→ **What you are asked to do**
Nothing may be changed. Give the entries below again exactly.

________________________

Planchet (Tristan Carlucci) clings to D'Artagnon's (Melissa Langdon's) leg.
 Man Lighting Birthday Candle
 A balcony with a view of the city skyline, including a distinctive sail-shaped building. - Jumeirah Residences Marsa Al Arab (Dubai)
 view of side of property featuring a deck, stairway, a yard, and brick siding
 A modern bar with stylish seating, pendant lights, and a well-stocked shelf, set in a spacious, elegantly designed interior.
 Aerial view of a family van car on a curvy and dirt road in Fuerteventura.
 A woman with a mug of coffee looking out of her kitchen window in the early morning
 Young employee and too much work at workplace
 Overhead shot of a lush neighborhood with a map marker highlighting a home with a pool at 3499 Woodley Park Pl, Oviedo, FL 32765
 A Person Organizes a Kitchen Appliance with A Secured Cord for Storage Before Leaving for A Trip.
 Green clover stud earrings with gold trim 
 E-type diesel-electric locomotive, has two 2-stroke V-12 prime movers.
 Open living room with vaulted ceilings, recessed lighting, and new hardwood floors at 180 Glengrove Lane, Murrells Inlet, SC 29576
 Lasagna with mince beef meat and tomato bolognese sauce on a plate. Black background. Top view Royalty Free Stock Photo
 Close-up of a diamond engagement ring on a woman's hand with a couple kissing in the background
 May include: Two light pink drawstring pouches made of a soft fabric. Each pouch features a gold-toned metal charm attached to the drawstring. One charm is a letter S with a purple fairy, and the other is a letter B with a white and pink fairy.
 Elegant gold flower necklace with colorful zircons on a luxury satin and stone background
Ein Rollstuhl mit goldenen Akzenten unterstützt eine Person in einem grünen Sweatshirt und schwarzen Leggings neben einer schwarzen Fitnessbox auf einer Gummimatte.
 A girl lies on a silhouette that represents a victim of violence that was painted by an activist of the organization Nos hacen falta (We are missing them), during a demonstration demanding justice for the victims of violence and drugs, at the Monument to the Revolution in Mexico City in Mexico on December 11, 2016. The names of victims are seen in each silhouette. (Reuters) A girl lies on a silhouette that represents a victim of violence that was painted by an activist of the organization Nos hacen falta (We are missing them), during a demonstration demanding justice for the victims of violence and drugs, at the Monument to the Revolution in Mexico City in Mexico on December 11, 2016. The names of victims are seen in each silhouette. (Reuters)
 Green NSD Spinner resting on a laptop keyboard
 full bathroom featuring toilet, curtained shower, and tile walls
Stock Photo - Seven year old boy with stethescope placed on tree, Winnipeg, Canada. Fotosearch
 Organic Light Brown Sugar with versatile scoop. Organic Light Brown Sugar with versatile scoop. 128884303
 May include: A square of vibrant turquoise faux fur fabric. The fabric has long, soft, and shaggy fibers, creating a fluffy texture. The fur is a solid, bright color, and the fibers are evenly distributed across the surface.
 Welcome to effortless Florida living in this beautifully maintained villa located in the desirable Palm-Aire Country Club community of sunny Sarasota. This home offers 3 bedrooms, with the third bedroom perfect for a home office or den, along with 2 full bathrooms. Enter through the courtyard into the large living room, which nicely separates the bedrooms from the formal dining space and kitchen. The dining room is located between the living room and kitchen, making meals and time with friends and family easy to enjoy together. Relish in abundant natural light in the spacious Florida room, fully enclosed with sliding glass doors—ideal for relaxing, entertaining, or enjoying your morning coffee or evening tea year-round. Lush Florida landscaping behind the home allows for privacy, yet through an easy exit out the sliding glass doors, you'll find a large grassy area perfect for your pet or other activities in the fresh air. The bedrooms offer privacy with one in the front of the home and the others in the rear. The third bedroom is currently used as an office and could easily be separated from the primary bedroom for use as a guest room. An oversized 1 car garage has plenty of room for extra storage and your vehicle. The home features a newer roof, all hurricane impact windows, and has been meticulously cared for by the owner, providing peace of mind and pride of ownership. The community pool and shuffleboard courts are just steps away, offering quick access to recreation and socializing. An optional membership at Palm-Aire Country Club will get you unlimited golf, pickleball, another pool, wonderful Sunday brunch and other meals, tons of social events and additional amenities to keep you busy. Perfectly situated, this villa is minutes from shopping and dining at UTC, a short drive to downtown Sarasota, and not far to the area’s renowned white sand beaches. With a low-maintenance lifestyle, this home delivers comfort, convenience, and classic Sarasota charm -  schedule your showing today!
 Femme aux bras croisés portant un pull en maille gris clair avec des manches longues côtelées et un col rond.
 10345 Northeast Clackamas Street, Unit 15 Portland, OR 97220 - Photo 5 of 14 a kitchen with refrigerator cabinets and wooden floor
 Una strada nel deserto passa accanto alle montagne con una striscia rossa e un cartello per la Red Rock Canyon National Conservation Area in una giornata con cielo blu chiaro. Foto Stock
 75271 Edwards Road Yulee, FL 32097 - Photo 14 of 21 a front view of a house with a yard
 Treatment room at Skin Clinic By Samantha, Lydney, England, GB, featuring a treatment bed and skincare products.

________________________

→ **Written answer**
Planchet (Tristan Carlucci) clings to D'Artagnon's (Melissa Langdon's) leg.
 Man Lighting Birthday Candle
 A balcony with a view of the city skyline, including a distinctive sail-shaped building. - Jumeirah Residences Marsa Al Arab (Dubai)
 view of side of property featuring a deck, stairway, a yard, and brick siding
 A modern bar with stylish seating, pendant lights, and a well-stocked shelf, set in a spacious, elegantly designed interior.
 Aerial view of a family van car on a curvy and dirt road in Fuerteventura.
 A woman with a mug of coffee looking out of her kitchen window in the early morning
 Young employee and too much work at workplace
 Overhead shot of a lush neighborhood with a map marker highlighting a home with a pool at 3499 Woodley Park Pl, Oviedo, FL 32765
 A Person Organizes a Kitchen Appliance with A Secured Cord for Storage Before Leaving for A Trip.
 Green clover stud earrings with gold trim 
 E-type diesel-electric locomotive, has two 2-stroke V-12 prime movers.
 Open living room with vaulted ceilings, recessed lighting, and new hardwood floors at 180 Glengrove Lane, Murrells Inlet, SC 29576
 Lasagna with mince beef meat and tomato bolognese sauce on a plate. Black background. Top view Royalty Free Stock Photo
 Close-up of a diamond engagement ring on a woman's hand with a couple kissing in the background
 May include: Two light pink drawstring pouches made of a soft fabric. Each pouch features a gold-toned metal charm attached to the drawstring. One charm is a letter S with a purple fairy, and the other is a letter B with a white and pink fairy.
 Elegant gold flower necklace with colorful zircons on a luxury satin and stone background
Ein Rollstuhl mit goldenen Akzenten unterstützt eine Person in einem grünen Sweatshirt und schwarzen Leggings neben einer schwarzen Fitnessbox auf einer Gummimatte.
 A girl lies on a silhouette that represents a victim of violence that was painted by an activist of the organization Nos hacen falta (We are missing them), during a demonstration demanding justice for the victims of violence and drugs, at the Monument to the Revolution in Mexico City in Mexico on December 11, 2016. The names of victims are seen in each silhouette. (Reuters) A girl lies on a silhouette that represents a victim of violence that was painted by an activist of the organization Nos hacen falta (We are missing them), during a demonstration demanding justice for the victims of violence and drugs, at the Monument to the Revolution in Mexico City in Mexico on December 11, 2016. The names of victims are seen in each silhouette. (Reuters)
 Green NSD Spinner resting on a laptop keyboard
 full bathroom featuring toilet, curtained shower, and tile walls
Stock Photo - Seven year old boy with stethescope placed on tree, Winnipeg, Canada. Fotosearch
 Organic Light Brown Sugar with versatile scoop. Organic Light Brown Sugar with versatile scoop. 128884303
 May include: A square of vibrant turquoise faux fur fabric. The fabric has long, soft, and shaggy fibers, creating a fluffy texture. The fur is a solid, bright color, and the fibers are evenly distributed across the surface.
 Welcome to effortless Florida living in this beautifully maintained villa located in the desirable Palm-Aire Country Club community of sunny Sarasota. This home offers 3 bedrooms, with the third bedroom perfect for a home office or den, along with 2 full bathrooms. Enter through the courtyard into the large living room, which nicely separates the bedrooms from the formal dining space and kitchen. The dining room is located between the living room and kitchen, making meals and time with friends and family easy to enjoy together. Relish in abundant natural light in the spacious Florida room, fully enclosed with sliding glass doors—ideal for relaxing, entertaining, or enjoying your morning coffee or evening tea year-round. Lush Florida landscaping behind the home allows for privacy, yet through an easy exit out the sliding glass doors, you'll find a large grassy area perfect for your pet or other activities in the fresh air. The bedrooms offer privacy with one in the front of the home and the others in the rear. The third bedroom is currently used as an office and could easily be separated from the primary bedroom for use as a guest room. An oversized 1 car garage has plenty of room for extra storage and your vehicle. The home features a newer roof, all hurricane impact windows, and has been meticulously cared for by the owner, providing peace of mind and pride of ownership. The community pool and shuffleboard courts are just steps away, offering quick access to recreation and socializing. An optional membership at Palm-Aire Country Club will get you unlimited golf, pickleball, another pool, wonderful Sunday brunch and other meals, tons of social events and additional amenities to keep you busy. Perfectly situated, this villa is minutes from shopping and dining at UTC, a short drive to downtown Sarasota, and not far to the area’s renowned white sand beaches. With a low-maintenance lifestyle, this home delivers comfort, convenience, and classic Sarasota charm -  schedule your showing today!
 Femme aux bras croisés portant un pull en maille gris clair avec des manches longues côtelées et un col rond.
 10345 Northeast Clackamas Street, Unit 15 Portland, OR 97220 - Photo 5 of 14 a kitchen with refrigerator cabinets and wooden floor
 Una strada nel deserto passa accanto alle montagne con una striscia rossa e un cartello per la Red Rock Canyon National Conservation Area in una giornata con cielo blu chiaro. Foto Stock
 75271 Edwards Road Yulee, FL 32097 - Photo 14 of 21 a front view of a house with a yard
 Treatment room at Skin Clinic By Samantha, Lydney, England, GB, featuring a treatment bed and skincare products.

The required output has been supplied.